═══ Data to process ═══

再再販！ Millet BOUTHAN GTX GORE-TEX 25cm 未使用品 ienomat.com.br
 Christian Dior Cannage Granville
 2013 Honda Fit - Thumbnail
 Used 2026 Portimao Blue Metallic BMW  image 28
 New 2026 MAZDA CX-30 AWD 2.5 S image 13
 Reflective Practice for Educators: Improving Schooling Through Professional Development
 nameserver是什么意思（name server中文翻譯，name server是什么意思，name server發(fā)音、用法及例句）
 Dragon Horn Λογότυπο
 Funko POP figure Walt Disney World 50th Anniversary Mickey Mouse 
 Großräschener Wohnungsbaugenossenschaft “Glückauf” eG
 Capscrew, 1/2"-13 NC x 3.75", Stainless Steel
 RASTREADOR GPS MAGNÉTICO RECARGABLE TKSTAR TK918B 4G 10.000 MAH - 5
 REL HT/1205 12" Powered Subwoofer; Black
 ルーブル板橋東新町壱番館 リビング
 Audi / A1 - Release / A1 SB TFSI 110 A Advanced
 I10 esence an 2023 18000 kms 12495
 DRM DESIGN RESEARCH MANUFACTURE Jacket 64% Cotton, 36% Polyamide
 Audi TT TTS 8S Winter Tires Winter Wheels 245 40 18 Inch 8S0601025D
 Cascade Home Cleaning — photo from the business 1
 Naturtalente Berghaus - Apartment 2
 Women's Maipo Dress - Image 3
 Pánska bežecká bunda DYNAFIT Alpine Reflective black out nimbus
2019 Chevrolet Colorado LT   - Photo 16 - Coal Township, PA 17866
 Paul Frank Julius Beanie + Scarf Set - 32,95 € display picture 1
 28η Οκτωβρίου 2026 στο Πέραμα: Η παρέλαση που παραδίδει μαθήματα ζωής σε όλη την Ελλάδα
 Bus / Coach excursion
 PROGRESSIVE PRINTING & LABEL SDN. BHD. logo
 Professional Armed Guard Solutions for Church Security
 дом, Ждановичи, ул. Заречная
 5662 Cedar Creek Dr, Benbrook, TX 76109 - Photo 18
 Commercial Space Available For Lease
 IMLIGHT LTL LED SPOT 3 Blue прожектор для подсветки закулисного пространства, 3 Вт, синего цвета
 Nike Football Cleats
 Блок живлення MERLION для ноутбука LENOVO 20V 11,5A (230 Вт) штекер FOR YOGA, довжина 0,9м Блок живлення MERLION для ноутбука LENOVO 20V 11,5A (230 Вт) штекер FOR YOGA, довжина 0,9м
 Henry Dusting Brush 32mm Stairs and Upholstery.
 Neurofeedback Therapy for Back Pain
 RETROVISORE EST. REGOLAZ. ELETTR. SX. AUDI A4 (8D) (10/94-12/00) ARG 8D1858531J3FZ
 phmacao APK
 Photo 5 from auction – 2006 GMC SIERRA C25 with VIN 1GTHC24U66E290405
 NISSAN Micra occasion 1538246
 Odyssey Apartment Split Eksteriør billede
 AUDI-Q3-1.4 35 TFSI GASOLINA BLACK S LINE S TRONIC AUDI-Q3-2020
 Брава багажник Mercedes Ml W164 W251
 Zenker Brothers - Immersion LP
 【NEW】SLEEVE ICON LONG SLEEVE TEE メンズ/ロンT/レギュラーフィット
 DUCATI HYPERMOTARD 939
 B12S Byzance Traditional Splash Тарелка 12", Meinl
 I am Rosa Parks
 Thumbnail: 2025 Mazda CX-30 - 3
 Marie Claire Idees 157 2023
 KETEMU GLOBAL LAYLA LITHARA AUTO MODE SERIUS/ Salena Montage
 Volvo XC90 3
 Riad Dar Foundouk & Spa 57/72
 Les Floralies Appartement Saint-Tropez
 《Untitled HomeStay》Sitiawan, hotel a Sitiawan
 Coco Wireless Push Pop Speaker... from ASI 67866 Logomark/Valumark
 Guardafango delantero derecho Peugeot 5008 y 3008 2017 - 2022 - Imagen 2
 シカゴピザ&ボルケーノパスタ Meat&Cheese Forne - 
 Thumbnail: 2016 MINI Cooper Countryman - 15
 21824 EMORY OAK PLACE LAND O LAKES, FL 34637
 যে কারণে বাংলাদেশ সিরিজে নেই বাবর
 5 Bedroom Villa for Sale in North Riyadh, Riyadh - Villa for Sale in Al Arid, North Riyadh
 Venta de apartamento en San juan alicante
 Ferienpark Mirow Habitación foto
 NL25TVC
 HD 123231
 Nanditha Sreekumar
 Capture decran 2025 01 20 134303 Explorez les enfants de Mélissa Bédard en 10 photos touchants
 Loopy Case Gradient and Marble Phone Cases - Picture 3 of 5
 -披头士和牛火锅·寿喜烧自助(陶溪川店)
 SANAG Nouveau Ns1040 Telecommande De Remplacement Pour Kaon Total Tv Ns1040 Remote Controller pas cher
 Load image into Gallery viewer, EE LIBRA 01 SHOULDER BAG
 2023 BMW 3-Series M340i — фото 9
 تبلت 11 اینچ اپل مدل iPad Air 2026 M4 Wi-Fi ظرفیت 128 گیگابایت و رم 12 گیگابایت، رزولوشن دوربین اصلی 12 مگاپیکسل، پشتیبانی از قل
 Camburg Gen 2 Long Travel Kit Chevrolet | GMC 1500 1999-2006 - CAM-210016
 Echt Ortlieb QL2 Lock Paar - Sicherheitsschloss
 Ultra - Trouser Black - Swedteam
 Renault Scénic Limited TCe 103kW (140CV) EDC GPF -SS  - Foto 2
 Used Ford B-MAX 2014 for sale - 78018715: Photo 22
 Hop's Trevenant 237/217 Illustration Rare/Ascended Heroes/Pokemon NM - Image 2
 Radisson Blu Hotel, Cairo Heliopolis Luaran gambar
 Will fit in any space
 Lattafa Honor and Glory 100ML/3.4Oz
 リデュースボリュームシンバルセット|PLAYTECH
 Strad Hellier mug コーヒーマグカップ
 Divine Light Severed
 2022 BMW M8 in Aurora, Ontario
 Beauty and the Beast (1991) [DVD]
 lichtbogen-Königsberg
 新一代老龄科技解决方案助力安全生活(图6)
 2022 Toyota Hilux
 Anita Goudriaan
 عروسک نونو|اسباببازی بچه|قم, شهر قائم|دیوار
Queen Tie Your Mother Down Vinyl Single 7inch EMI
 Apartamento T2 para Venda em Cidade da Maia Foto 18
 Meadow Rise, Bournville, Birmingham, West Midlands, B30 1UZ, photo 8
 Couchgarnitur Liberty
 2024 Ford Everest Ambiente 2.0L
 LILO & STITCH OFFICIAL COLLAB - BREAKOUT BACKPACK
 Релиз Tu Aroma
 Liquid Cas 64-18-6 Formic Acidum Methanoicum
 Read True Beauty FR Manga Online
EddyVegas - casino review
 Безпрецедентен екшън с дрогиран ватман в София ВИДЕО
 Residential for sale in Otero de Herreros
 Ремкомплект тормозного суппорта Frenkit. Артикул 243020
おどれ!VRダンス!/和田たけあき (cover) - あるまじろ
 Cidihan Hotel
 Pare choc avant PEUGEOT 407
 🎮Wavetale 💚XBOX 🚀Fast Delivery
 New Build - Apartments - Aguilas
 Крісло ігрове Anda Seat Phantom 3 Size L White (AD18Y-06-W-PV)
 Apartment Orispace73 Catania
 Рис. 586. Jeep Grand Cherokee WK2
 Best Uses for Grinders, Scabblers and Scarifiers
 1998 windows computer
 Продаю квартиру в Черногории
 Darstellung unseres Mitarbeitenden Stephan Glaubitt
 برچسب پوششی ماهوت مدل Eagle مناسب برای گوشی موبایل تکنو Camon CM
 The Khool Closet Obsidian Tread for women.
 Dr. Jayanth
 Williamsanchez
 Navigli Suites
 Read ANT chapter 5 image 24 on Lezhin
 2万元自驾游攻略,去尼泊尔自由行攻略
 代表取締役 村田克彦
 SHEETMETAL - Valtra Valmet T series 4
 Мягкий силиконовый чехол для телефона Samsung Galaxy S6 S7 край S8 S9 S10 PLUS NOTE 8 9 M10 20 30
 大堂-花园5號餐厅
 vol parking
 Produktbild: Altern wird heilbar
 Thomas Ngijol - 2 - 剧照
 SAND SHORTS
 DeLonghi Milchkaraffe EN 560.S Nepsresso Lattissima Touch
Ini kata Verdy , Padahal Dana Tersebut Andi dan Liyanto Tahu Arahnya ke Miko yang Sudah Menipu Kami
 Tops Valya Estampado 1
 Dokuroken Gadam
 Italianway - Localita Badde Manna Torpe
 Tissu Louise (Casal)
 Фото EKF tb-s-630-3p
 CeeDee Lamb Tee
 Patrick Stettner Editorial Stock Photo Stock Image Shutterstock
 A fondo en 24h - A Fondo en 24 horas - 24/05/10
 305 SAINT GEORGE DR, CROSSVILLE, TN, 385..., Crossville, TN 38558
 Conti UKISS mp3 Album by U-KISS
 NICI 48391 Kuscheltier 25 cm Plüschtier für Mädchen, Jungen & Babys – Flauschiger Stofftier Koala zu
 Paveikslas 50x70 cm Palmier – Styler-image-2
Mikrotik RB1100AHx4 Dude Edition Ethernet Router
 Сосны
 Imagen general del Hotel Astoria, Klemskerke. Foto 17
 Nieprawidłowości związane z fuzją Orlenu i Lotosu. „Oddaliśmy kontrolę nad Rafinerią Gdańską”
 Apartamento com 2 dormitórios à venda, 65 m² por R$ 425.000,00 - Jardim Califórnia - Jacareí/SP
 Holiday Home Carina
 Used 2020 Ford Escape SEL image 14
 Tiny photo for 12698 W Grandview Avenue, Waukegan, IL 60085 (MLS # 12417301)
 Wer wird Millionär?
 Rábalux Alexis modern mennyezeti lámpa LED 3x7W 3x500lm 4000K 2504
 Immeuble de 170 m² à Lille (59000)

═══

Your assignment —
Every line with "Blue" in it should be copied from the entries above.

Your response —
 Used 2026 Portimao Blue Metallic BMW  image 28
 IMLIGHT LTL LED SPOT 3 Blue прожектор для подсветки закулисного пространства, 3 Вт, синего цвета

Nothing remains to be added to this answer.